Any person who partakes in dangerous activity within his or her premises is strictly liable to take reasonable care to avoid a reasonably foreseeable risk of injury or damage to the person or property of another. Burnie Port Authority v General Jones (1994) CACL 14.600. Defendant owed plaintiff a duty of care for the contractual activites of others. Fire causing damage to the plaintiff was reasonably foreseeable. Vicarious Liability A person is sometimes regarded by the law as responsible for the acts or omissions of another person. The acts of negligence caused by that person may have been the fault of another.
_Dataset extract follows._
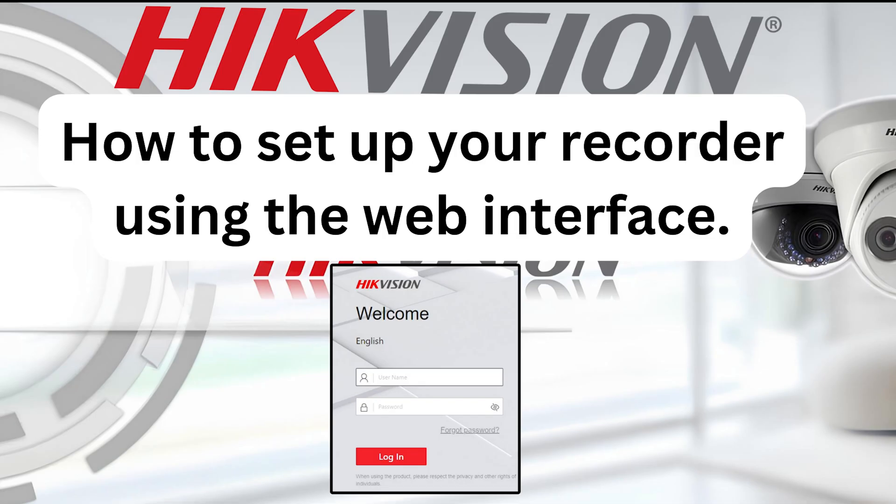Hello and welcome to another HikeVision video tutorial. In this video we will be learning how to set up and configure everyday functions for your recorder using the web interface.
Hence, there is vicarious liability. Eg. A is guiding B, B initiates activity, C is injured and it was found that A and B have been negligent in taking reasonable care to their actions. Arises when there is a special relationship:  

Specific legal authority to tell worker what to do and how to do it Humberstone v Northern Timber Mills (1949) CACL 14.620 Does not apply to employers of independent contractors(i.e servants) since contractors are not directly controllable, in terms of direct acts and omissions of the contractor’s employees Hollis v Vabu (2001) CACL 14.620

Other factors in terms of employer-employee relationship:   

Mode of Remuneration Power of Dismissal Provision of Equipment

Liability depends on: 



Level of control that a person has on another, whilst negligence occurs – the greater the control of another party, the more likely they are liable. Mersey Docks and Harbour Board v Griffith (Liverpool) Ltd (1947). Apellants hired a crane and operator. It was held that the stevefores were not liable for the crane driver’s negligence because they had no authority to tell him how to handle the crane while carrying out the work. Relevance to the employment or task at hand – must be relevant to the work or task at hand, otherwise the party is not liable for the unrelated actions of another NSW v Lepore (2003) CACL 14.640 where employer not laible for the predatory sexual behaviour of employee.